● Dataset records
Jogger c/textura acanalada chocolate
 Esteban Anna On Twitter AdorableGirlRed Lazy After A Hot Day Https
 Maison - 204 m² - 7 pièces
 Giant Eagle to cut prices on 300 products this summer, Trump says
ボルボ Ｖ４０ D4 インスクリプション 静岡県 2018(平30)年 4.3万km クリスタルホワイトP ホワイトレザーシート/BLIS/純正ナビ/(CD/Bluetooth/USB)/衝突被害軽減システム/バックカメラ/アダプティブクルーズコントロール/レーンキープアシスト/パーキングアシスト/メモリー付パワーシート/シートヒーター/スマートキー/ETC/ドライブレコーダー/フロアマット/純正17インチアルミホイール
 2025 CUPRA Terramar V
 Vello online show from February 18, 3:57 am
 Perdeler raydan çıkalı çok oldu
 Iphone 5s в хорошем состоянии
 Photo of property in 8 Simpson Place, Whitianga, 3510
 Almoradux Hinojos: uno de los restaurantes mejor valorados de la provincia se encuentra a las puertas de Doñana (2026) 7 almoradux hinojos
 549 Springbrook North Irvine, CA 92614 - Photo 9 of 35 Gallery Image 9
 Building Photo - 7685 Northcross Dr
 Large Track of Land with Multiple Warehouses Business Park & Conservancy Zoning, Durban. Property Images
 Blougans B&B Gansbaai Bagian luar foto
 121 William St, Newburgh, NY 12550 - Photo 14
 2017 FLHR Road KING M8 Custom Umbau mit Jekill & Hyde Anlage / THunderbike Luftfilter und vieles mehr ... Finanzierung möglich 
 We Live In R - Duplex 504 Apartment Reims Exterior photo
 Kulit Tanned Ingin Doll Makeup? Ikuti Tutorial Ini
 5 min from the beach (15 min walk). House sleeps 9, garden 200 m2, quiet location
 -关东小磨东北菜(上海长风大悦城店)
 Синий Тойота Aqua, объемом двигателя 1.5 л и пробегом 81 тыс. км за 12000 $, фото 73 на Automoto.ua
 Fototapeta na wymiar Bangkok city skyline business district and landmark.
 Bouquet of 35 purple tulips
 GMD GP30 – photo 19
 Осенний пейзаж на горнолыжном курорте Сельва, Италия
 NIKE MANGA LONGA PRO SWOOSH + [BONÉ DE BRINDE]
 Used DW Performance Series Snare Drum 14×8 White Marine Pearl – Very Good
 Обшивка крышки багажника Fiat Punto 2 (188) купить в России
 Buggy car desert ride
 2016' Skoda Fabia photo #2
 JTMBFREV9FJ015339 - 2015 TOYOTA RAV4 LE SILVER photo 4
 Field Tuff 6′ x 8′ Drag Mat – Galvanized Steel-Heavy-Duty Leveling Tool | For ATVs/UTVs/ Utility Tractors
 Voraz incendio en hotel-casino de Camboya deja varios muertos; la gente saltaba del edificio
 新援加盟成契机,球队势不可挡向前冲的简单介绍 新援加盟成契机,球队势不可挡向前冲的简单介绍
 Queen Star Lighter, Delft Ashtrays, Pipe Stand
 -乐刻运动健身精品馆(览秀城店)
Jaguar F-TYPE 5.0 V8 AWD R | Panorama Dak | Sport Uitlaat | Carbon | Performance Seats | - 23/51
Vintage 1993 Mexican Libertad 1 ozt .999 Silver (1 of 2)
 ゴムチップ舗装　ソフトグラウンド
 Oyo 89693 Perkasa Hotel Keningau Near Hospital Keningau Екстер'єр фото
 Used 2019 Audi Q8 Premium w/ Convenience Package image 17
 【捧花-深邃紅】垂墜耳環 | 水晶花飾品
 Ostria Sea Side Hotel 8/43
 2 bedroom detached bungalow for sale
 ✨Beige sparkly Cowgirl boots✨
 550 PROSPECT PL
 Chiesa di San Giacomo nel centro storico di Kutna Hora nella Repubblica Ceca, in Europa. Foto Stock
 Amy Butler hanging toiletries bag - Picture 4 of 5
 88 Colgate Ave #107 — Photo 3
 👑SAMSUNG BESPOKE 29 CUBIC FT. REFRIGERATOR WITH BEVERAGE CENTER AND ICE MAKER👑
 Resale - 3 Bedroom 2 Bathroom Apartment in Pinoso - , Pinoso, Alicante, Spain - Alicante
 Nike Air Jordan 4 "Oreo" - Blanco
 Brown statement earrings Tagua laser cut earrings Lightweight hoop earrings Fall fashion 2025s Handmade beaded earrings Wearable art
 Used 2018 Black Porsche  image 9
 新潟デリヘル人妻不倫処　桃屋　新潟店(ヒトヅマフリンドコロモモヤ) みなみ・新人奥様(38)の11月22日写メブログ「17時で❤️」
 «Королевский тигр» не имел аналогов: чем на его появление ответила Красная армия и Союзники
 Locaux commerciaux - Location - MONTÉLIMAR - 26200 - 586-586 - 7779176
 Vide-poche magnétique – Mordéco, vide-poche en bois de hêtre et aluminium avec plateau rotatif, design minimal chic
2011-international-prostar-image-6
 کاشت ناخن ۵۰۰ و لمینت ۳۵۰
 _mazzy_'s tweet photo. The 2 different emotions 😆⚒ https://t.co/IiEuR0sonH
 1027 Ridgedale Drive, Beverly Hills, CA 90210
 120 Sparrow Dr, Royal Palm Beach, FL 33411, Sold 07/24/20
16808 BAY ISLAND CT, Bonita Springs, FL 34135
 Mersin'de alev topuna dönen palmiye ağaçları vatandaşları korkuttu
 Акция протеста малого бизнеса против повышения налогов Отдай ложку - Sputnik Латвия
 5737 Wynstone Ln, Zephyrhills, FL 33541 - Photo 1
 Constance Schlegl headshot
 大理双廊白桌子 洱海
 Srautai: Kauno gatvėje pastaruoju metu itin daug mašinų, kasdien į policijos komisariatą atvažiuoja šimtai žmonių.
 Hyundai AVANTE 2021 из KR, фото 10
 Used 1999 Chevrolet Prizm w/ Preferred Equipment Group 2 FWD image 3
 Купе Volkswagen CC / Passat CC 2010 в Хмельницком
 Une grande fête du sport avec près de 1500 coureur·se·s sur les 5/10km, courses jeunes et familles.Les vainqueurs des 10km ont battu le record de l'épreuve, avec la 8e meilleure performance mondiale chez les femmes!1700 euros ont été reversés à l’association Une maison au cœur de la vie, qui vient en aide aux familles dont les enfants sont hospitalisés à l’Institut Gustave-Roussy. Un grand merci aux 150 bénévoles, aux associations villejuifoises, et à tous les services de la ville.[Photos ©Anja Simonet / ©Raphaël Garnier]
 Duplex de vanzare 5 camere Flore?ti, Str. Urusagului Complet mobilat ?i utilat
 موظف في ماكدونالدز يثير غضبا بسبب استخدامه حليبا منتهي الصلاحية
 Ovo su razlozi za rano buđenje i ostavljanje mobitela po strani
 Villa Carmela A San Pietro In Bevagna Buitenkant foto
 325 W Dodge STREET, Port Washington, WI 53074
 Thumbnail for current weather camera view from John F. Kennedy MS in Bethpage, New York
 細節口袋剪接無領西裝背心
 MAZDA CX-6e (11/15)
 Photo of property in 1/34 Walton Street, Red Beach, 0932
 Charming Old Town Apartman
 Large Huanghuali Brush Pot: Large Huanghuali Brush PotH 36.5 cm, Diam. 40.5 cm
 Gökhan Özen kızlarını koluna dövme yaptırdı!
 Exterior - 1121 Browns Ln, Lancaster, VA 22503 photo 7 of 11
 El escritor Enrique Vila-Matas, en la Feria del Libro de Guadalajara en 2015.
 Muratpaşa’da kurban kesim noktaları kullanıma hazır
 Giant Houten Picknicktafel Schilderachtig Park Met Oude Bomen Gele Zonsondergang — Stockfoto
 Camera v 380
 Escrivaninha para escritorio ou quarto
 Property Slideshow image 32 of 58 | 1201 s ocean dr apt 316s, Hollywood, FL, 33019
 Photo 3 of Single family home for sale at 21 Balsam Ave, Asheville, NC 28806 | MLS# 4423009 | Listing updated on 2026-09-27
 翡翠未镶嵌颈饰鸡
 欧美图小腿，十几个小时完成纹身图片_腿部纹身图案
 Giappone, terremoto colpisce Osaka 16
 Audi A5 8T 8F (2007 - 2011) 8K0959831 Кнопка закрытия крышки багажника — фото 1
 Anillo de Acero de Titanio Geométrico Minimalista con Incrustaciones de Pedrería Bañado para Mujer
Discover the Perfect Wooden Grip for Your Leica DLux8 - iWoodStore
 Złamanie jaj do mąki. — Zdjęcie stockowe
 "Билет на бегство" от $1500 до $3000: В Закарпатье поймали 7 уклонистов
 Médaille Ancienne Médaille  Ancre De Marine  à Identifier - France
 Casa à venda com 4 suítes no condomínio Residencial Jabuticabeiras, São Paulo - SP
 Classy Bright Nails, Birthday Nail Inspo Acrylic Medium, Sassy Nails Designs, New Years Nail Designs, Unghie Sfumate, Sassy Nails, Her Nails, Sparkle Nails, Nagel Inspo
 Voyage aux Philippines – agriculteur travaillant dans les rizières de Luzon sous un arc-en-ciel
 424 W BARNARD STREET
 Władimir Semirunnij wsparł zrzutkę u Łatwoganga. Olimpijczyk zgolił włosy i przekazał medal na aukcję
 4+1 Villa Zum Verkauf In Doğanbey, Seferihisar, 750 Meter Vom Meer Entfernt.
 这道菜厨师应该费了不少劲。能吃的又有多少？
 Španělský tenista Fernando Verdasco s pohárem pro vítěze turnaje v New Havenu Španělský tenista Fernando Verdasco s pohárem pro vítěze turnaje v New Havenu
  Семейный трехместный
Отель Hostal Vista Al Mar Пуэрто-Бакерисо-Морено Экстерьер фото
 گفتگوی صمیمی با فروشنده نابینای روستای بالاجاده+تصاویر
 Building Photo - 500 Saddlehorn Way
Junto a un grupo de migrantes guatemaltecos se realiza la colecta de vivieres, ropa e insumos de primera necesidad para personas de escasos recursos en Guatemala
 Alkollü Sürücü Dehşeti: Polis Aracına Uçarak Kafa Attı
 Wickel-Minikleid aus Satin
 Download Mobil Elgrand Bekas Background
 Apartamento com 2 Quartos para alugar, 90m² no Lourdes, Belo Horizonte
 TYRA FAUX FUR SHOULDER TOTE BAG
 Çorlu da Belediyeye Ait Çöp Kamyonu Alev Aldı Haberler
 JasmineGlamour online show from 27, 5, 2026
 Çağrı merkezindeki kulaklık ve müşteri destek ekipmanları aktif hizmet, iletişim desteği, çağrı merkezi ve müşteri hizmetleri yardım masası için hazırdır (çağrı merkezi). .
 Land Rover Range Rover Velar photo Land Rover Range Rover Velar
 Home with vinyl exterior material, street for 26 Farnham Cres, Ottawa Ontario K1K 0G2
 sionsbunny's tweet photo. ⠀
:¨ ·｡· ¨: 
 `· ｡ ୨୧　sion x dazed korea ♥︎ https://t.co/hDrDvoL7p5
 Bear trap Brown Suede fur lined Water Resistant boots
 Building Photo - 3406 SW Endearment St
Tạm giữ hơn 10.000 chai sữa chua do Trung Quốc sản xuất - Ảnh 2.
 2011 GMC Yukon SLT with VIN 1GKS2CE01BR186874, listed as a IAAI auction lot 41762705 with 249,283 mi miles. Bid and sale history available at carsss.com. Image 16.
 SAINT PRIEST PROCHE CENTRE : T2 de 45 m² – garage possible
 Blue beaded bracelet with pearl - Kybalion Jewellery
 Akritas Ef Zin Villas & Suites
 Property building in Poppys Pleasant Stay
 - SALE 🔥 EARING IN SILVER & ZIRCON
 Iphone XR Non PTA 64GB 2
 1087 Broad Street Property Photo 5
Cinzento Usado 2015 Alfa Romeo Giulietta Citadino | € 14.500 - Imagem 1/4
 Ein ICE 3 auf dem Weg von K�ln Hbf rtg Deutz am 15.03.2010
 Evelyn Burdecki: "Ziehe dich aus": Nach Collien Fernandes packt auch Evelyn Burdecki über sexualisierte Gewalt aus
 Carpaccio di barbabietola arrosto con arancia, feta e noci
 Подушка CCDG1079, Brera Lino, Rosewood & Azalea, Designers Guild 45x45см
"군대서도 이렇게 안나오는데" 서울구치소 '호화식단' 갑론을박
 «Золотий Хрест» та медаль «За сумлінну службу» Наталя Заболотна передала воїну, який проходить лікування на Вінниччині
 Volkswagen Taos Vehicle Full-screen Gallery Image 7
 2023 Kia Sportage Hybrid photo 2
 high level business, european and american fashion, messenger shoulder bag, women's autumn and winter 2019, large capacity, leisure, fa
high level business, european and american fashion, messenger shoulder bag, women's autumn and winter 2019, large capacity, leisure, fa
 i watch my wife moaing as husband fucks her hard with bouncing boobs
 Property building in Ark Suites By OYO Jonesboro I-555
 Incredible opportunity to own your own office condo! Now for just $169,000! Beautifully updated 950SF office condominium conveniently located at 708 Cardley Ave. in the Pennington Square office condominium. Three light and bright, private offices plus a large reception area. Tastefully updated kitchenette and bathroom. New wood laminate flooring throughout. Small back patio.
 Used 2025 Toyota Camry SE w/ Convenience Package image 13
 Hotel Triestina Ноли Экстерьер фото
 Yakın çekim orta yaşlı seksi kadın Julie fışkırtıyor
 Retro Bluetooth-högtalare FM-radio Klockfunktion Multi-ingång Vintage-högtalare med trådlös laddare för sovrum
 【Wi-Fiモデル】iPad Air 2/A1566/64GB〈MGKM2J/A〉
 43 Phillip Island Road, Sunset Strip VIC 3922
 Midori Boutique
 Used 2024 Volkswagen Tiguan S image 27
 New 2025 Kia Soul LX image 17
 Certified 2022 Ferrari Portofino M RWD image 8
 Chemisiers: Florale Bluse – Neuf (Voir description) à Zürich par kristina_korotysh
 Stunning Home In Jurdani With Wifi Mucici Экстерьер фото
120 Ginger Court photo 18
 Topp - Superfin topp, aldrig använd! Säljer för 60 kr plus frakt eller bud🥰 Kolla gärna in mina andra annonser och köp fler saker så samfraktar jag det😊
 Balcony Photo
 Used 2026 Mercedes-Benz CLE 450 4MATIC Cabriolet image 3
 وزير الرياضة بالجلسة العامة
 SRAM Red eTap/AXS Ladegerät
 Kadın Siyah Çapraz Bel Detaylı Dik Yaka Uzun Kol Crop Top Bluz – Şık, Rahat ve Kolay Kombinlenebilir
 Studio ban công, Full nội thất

● Assigned task
Only the lines from the start of the data to the line holding "-关东小磨东北菜(上海长风大悦城店)" are wanted; return them exactly, both ends included.

● Problem solution
Jogger c/textura acanalada chocolate
 Esteban Anna On Twitter AdorableGirlRed Lazy After A Hot Day Https
 Maison - 204 m² - 7 pièces
 Giant Eagle to cut prices on 300 products this summer, Trump says
ボルボ Ｖ４０ D4 インスクリプション 静岡県 2018(平30)年 4.3万km クリスタルホワイトP ホワイトレザーシート/BLIS/純正ナビ/(CD/Bluetooth/USB)/衝突被害軽減システム/バックカメラ/アダプティブクルーズコントロール/レーンキープアシスト/パーキングアシスト/メモリー付パワーシート/シートヒーター/スマートキー/ETC/ドライブレコーダー/フロアマット/純正17インチアルミホイール
 2025 CUPRA Terramar V
 Vello online show from February 18, 3:57 am
 Perdeler raydan çıkalı çok oldu
 Iphone 5s в хорошем состоянии
 Photo of property in 8 Simpson Place, Whitianga, 3510
 Almoradux Hinojos: uno de los restaurantes mejor valorados de la provincia se encuentra a las puertas de Doñana (2026) 7 almoradux hinojos
 549 Springbrook North Irvine, CA 92614 - Photo 9 of 35 Gallery Image 9
 Building Photo - 7685 Northcross Dr
 Large Track of Land with Multiple Warehouses Business Park & Conservancy Zoning, Durban. Property Images
 Blougans B&B Gansbaai Bagian luar foto
 121 William St, Newburgh, NY 12550 - Photo 14
 2017 FLHR Road KING M8 Custom Umbau mit Jekill & Hyde Anlage / THunderbike Luftfilter und vieles mehr ... Finanzierung möglich 
 We Live In R - Duplex 504 Apartment Reims Exterior photo
 Kulit Tanned Ingin Doll Makeup? Ikuti Tutorial Ini
 5 min from the beach (15 min walk). House sleeps 9, garden 200 m2, quiet location
 -关东小磨东北菜(上海长风大悦城店)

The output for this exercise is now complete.